Fun with Filters and Frequencies

Andrew Vo


UC Berkeley COMPSCI 194-26, Fall 2020

Learn more

Introduction

The goal of this project is to show how image filters and frequencies can create a lot of cool image results such as image blurring, sharpening, and straightening. We will also see how these functions can be combined to create hybrid and blended images.

Part 1: Fun With Filters

Image filters can be thought of as functions that take in image as an input and return a new image as an output. One such filter is a Gaussian filter which takes in an input image and returns a blurred version of it.
Some functions we will be applying to our images in this project are gradients. Gradients tell us how much a part of an image in changing with respect to a direction. This can be calculated by taking the partial derivative of the image with respect to x (the horizontal direction) or y (the vertical direction). Let us apply this to an image shown below:
Cameraman
We can take the partial derivative in x and y of the image by convolving it with finite difference operators D_x = [1, -1] and D_y = [1, -1]^T respectively. The results are shown below:
X Gradient
Y Gradient
We can combine these gradients to get the gradient magnitude of the image, which we will use to find the edges of the image. To compute the gradient magnitude, we simply square the result of our x gradient and y gradient, add them together, and take the square root of the sum (magnitude = sqrt((dx^2) + (dy^2))). After taking the gradient magnitude, I binarized it by making all pixel values that were greater than a threshold of 0.12 one, and zero otherwise. This allows us to see the edges of the image more clearly while suppressing the noise. The gradient magnitude of the image is shown on the left and the edge image is shown on the right.
Gradient Magnitude
Binarized Gradient Magnitude

Part 1.2: Derivative of Gaussian (DoG) Filter

Notice that despite binarizing our gradient magnitude image, a lot of high frequency noise is still present in our edge image. This issue can be solved by running our image through a low-pass filter, which keeps the low frequencies of the image and attenuates the high frequencies (this also blurs the image).

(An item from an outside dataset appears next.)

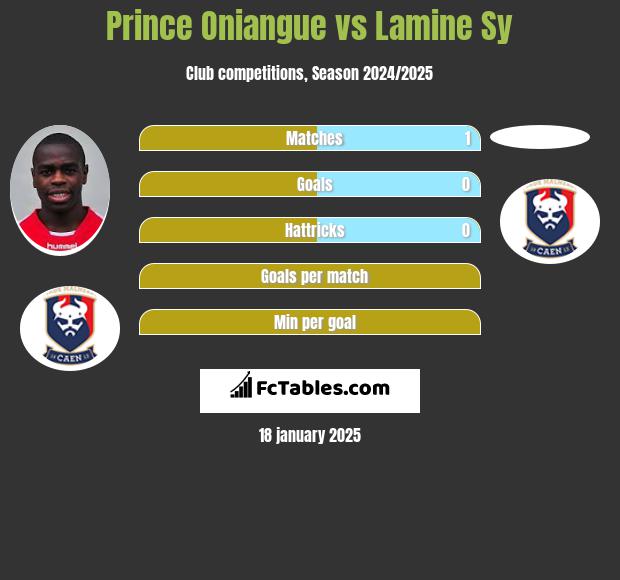 Prince Oniangue vs Lamine Sy h2h player stats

We can do this by convolving our image with a Gaussian filter and repeating the same process that was performed earlier. In my implementation, I used a 3 x 3 Gaussian filter with σ = 1.
X Gradient
Y Gradient
Gradient Magnitude
Binarized Gradient Magnitude
We can see that the biggest difference between the above edge image and our previous edge image is the high frequency noise from the grass and background were attenuated with the Gaussian filter. The edges of the man and the camera have become more defined.
Instead of convolving our image twice, we can make calculations more efficient by combining our finite difference operators with our Gaussian filter and get away with convolving our image only once. This is possible due to the associative property of convolutions. As expected, this gives us the same results as earlier. The combined filters and edge image are shown below:
X Gaussian Gradient
Y Gaussian Gradient
Binarized Gradient Magnitude

Part 1.3: Image Straightening

Sometimes when we take pictures, the pictures don't come out straight. Manually rotating the image to get the right position is too much work. Thankfully, we can use our knowledge of gradients to automate the image straightening process! In my implementation, I rotated an input image by various angles in a predefined range and chose the rotation that had the most number of horizontal and vertical lines. To account for sizing differences when rotating, I did not resize the image after rotation and cropped the center of the image to perform my calculations on. I counted the number of horizontal and vertical lines by computing the gradient angle of each pixel in the image with the formula: θ = atan2(dy, dx) * 180 / π. The results of my implementation on several images are shown below. For each image, the histogram next to it depicts the number of gradient angles the cropped image contains before and after straightening.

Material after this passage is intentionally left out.